Maureen Faulkner stood up in court Monday morning and cried out to the judge who had just given her husband’s convicted killer 30 more days to appeal.

“With all due respect, your honor,” Faulkner said to Common Pleas Court Judge Leon Tucker, her voice breaking. “I have another 30 days that I have to go through this pain and suffering?”
***
As sheriff’s officers pulled at the sleeve of her maroon sweater and pleaded with her to calm down, her voice rose toward the judge.

“I’ve been fighting back and forth!”

“Have a seat,” Tucker said.

“I have been fighting!”

“Please remove her from the courtroom,” Tucker said.

After Judge Tucker’s latest order, Maureen Faulkner was quoted from her home in California:

“Does it affect my physically? It does. Am I sick to my stomach? Absolutely. I feel like going and throwing up,” said Maureen Faulkner, the widow of the slain officer.

“Jamal may be confined to a prison, but we are in a prison in our own mind, because we never know when we’re going to get telephone calls saying something like we heard last night,” she said on Friday.

Faulkner, who now lives in California, said she has always believed in the principle of “an eye for an eye,” saying she wishes the original sentence of capital punishment had been carried out.

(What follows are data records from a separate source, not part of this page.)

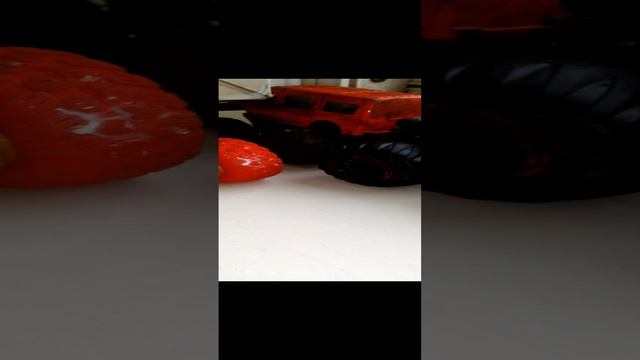 монстр-траки по бездорожью ездят по снегу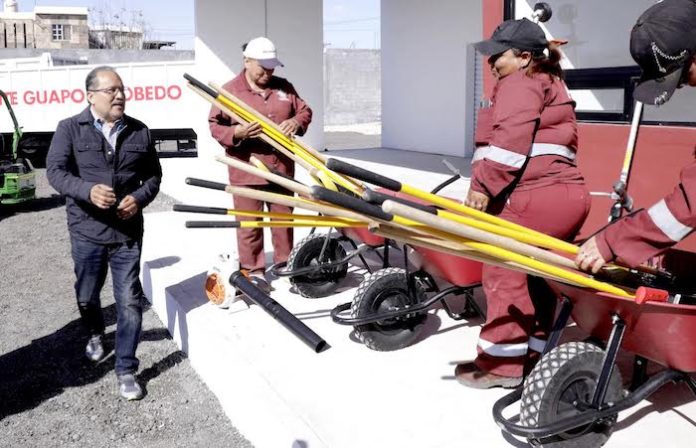 Andrés Mijes entrega material para obra pública en Col. Fernando Amilpa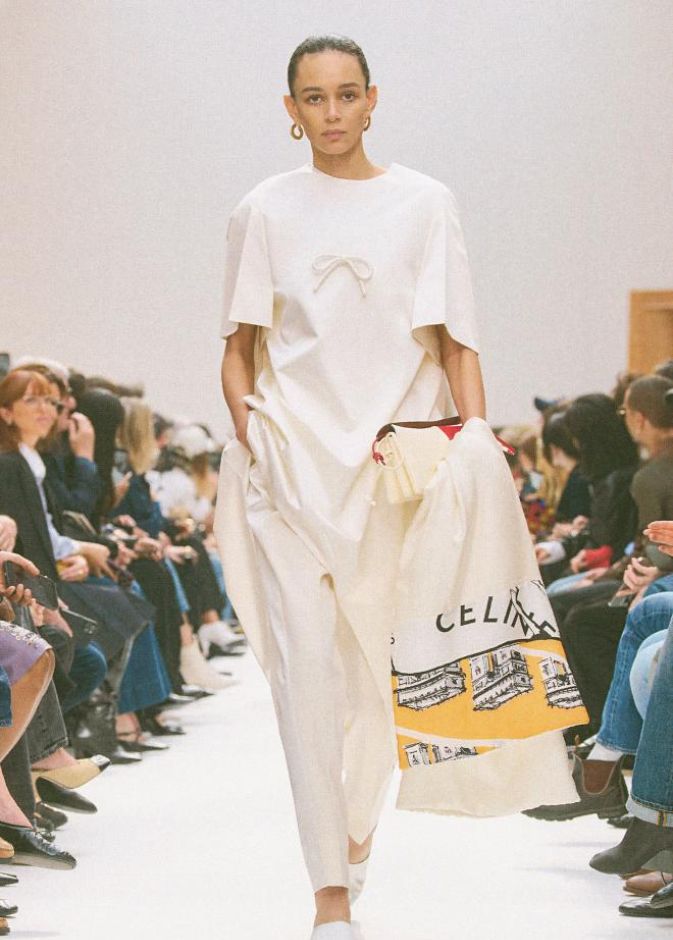  تدرجات اللون الأبيض والكريمي في إطلالة من Celine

“And that way, 37 years later, you do not have the family members grieving over the loss of a loved one because the case keeps coming up in court and reminding them,” she said.

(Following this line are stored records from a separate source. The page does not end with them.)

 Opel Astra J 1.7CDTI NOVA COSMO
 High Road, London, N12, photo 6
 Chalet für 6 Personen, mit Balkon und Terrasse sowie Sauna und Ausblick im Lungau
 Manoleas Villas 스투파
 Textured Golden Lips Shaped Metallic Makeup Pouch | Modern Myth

Liberals unaccountably view Mumia Abu-Jamal, a cold-blooded killer, as a hero. There is a hero in this case, but it isn’t Mumia. Her name is Maureen Faulkner.

UPDATE: From the comments:

I grew up in South Philly and know this story well. When I was a grad student at Arizona State in 2002, I was in line for a nightclub and the kid in front of me was wearing a “Free Mumia” shirt. I asked him what he know about Mumia and he proceeded to explain to me how the police set him up because he was critical of the police and the racist establishment on the radio. I proceeded to explain to him about how the altercation started, how Mumia was found shot, lying right next to Officer Faulkner, and how he was as guilty as sin. It was clear to me this kid had never heard any of the facts as I explained them to him, but his response has stuck with me since and will forever. “Well, he needs to be free to send the message to Bush and the right wingers that their racism will not be tolerated and even if he did it it was in self-defense and justified.”

My buddy saw my face and immediately grabbed me and said “let’s find a place less crowded.” My buddy knew that after I had a few, if I saw this idiot in the bar it was going to be on.

Liberals for the most part know he’s guilty. They don’t care. They want him free because they will love how angry people like me will get. That’s all they care about. And if Trump supporters are angry, all the better.

I think that sums it up pretty well. Bill Ayers’ “Guilty as sin, free as a bird” continues to exemplify liberals’ attitude toward our criminal justice system.